1999 short story collection by Frédéric Beigbeder

Nouvelles sous ecstasy (lit. 'Short Stories under Ecstasy') is a 1999 short story collection by the French writer Frédéric Beigbeder.

==Contents==
The short stories were, as the title indicates, written under the influence of the drug MDMA, also known as ecstasy. The book was edited by Philippe Sollers. It opens with a warning from Beigbeder:

The author of this book doesn't take it anymore, and advises the reader not to try: not only is ecstasy illegal, but it also damages the brain, as proved by this collection of texts written under the influence. Also, do we really need a pill to make us tell our life story to strangers? Don't we already have literature for that?

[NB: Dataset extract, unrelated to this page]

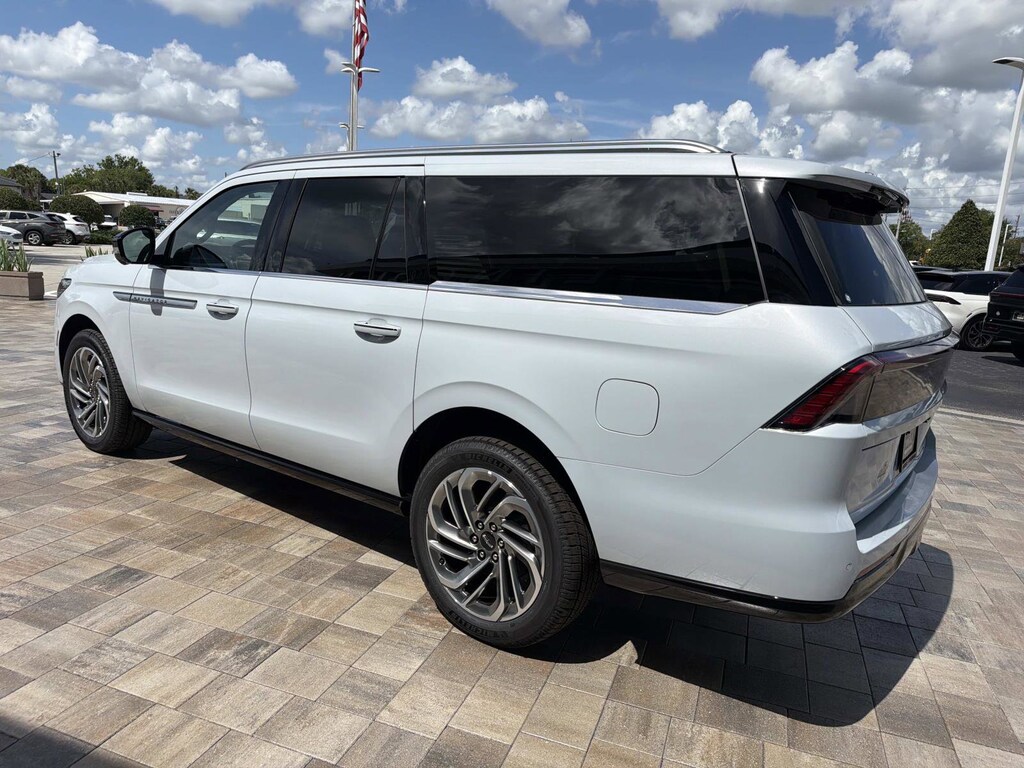 New 2026 Lincoln Navigator L Reserve SUV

The book contains the following stories:

- "Spleen à l'aéroport de Roissy-Charles-de-Gaulle"
- "Un texte démodé"
- "Le jour où j'ai plu aux filles"
- "La première gorgée d'ecstasy"
- "Manuscrit trouvé à Saint-Germain-des-Prés"
- "Le cafard après la fête"
- "L'homme qui regardait les femmes, 1"
- "Comment devenir quelqu'un"
- "Le Plus Grand Ecrivain Français Vivant"
- "La nouvelle la plus dégueulasse de ce recueil"
- "L'homme qui regardait les femmes, 2"
- "Extasy À Go-Go"
- "La première nouvelle d'« Easy Reading »"
- "La solitude à plusieurs"

==Reception==
Marie Gobin of L'Express wrote that the book is characterised by joyful self-mockery and self-esteem, describing it as fierce, raw, decadent and offbeat. She wrote that although Beigbeder advises readers to not try ecstasy, it is possible to "taste it" through the book.

In the academic edited volume Literature and Intoxication, Russell Williams stresses that the Beigbeder who presents himself in the book must be understood at least partially as an author persona. Williams compares the book to Charles Baudelaire's experiments with writing under drug influence, and with Beigbeder's comments in other books about how literature can work like a drug and reading can be an addiction.